Please make sure what you return matches the listing below exactly, minus its pictures.

DATASET CONTENT:

Segment Open

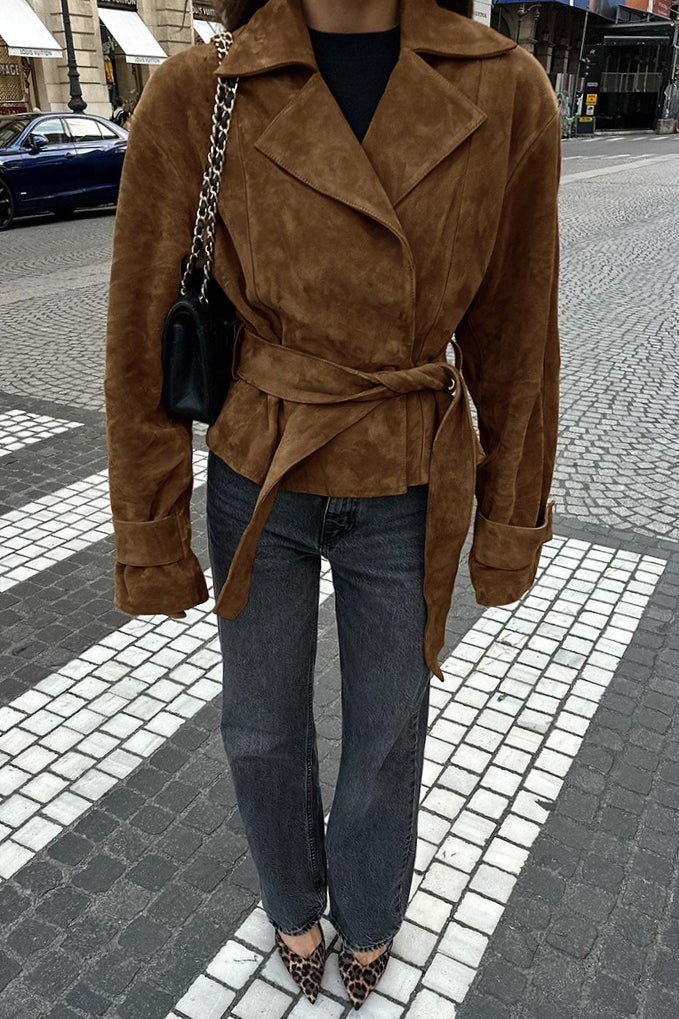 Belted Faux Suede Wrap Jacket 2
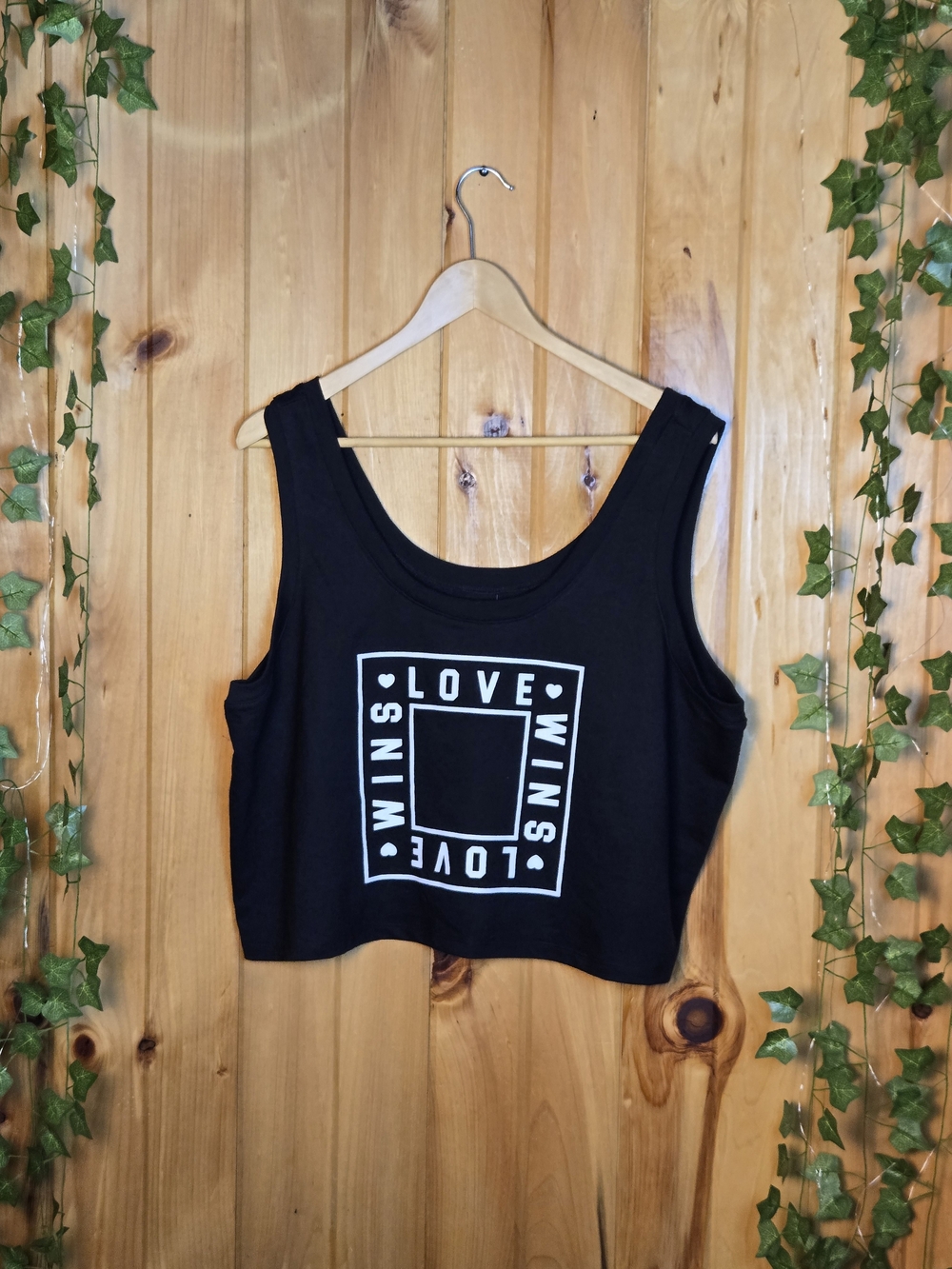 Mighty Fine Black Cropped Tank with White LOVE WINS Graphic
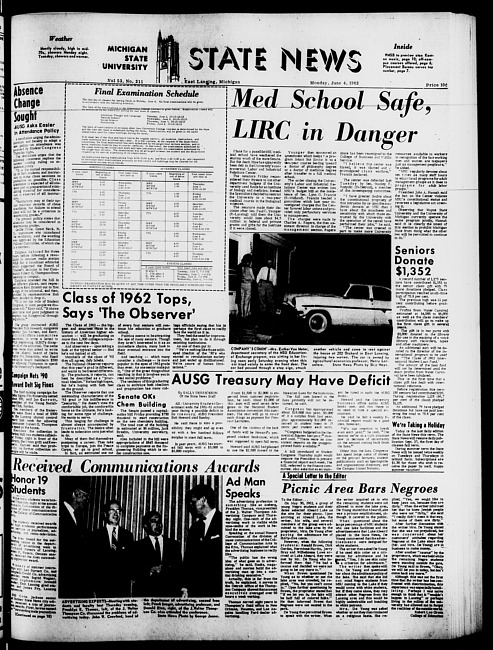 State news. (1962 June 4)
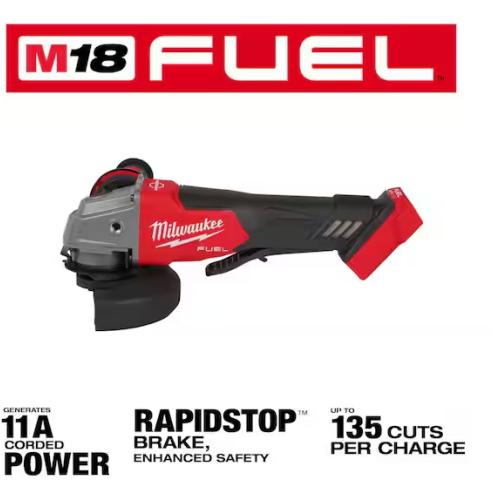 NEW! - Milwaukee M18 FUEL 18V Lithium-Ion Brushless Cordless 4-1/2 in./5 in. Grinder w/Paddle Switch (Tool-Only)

Segment Closed

SOLUTION FOR THIS EXERCISE:
 Belted Faux Suede Wrap Jacket 2
 Mighty Fine Black Cropped Tank with White LOVE WINS Graphic
 State news. (1962 June 4)
 NEW! - Milwaukee M18 FUEL 18V Lithium-Ion Brushless Cordless 4-1/2 in./5 in. Grinder w/Paddle Switch (Tool-Only)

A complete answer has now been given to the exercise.